HUNDREDS of people turned out to celebrate the life of Cardenden’s famous son John Thomson at the annual football tournament held in his honour.

The fun day at Moorside Park on Sunday was hailed as a ‘brilliant event’ as the seven-a-side competition celebrated its 35th year.

A Scottish international, Thomson was fatally injured during a match with Rangers in September 1931 at the age of just 32.

His memory was preserved by Alex Burns MBE who founded the John Thomson Memorial Committee in 1983 and a football pitch at the Bowhill Centre is now named after the Celtic legend.

Alex said the 35th tournament was ‘very successful’ and told the Times: “It’s one of the largest turnouts we’ve had in recent years. It’s always nice to see a good number of people there.

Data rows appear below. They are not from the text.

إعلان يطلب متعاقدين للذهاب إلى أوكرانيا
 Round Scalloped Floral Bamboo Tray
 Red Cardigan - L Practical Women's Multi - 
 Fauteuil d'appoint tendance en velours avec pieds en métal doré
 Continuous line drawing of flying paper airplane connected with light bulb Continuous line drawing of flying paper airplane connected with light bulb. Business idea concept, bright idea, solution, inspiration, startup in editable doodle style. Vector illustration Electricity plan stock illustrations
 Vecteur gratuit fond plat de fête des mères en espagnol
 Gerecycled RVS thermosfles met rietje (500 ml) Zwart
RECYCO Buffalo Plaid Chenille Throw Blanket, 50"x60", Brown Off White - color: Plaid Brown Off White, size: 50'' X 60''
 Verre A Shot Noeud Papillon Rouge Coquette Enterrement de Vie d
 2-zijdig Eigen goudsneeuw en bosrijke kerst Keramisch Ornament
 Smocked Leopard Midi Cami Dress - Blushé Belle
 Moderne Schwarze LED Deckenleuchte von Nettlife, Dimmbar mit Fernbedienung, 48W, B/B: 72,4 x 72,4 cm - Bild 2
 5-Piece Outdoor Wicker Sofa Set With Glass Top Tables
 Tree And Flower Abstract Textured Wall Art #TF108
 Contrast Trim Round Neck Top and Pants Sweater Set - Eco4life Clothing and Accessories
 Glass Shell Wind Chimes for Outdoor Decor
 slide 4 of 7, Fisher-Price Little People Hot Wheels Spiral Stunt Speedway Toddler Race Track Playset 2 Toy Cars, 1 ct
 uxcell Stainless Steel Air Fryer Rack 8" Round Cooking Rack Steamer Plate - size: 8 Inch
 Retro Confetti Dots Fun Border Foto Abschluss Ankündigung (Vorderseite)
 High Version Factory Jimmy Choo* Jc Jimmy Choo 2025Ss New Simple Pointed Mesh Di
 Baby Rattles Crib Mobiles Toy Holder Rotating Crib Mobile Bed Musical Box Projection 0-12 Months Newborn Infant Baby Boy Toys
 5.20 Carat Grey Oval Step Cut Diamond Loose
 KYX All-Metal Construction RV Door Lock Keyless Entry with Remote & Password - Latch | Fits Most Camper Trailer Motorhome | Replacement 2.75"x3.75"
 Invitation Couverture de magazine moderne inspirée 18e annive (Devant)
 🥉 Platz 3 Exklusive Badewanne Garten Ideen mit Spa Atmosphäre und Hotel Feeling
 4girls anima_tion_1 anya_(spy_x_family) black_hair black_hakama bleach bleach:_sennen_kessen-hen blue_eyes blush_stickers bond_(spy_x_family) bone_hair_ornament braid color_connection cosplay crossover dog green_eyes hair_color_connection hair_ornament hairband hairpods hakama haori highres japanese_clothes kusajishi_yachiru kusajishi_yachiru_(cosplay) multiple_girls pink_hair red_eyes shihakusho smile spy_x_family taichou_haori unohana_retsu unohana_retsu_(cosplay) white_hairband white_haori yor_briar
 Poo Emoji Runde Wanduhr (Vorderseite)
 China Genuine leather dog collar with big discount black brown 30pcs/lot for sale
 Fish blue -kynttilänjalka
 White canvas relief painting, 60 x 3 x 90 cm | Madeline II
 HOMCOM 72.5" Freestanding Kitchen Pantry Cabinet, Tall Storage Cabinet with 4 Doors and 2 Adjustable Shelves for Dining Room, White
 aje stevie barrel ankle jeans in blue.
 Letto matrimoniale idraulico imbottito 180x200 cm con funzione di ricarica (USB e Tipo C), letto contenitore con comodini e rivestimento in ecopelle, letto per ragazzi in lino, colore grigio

“It was a great day of football and the rain didn’t stop the teams playing well.

“There were eight teams this year, with two all-girl sides. It’s great to get the girls involved.

“It’s harder to get teams involved these days as times have changed, but the standard was very good this year.”

Fife Provost Jim Leishman kicked off the tournament and a piper (Jim Forbes) piped the teams onto the park before they were introduced to local councillors Linda Erskine and Rosemary Liewald.

The JT All Stars lifted this year’s trophy after beating Bowhill Rovers in the final.

A large procession was then led to the presentations within Bowhill Centre with guests including ex-Celtic legend Tosh McKinlay and ex-Rangers legend Willie Johnston.

A lone piper played a lament before wreaths were laid by John Thomson’s graveside.

Further wreaths were also placed at the monument in memory of the local mining disaster at Bowhill Colliery which claimed the lives of 10 miners, a month after John Thomson lost his life.

The day ended with a buffet in the Railway Tavern with supporters clubs and sponsors and Mr Burns thanked everyone involved in making the event a big success.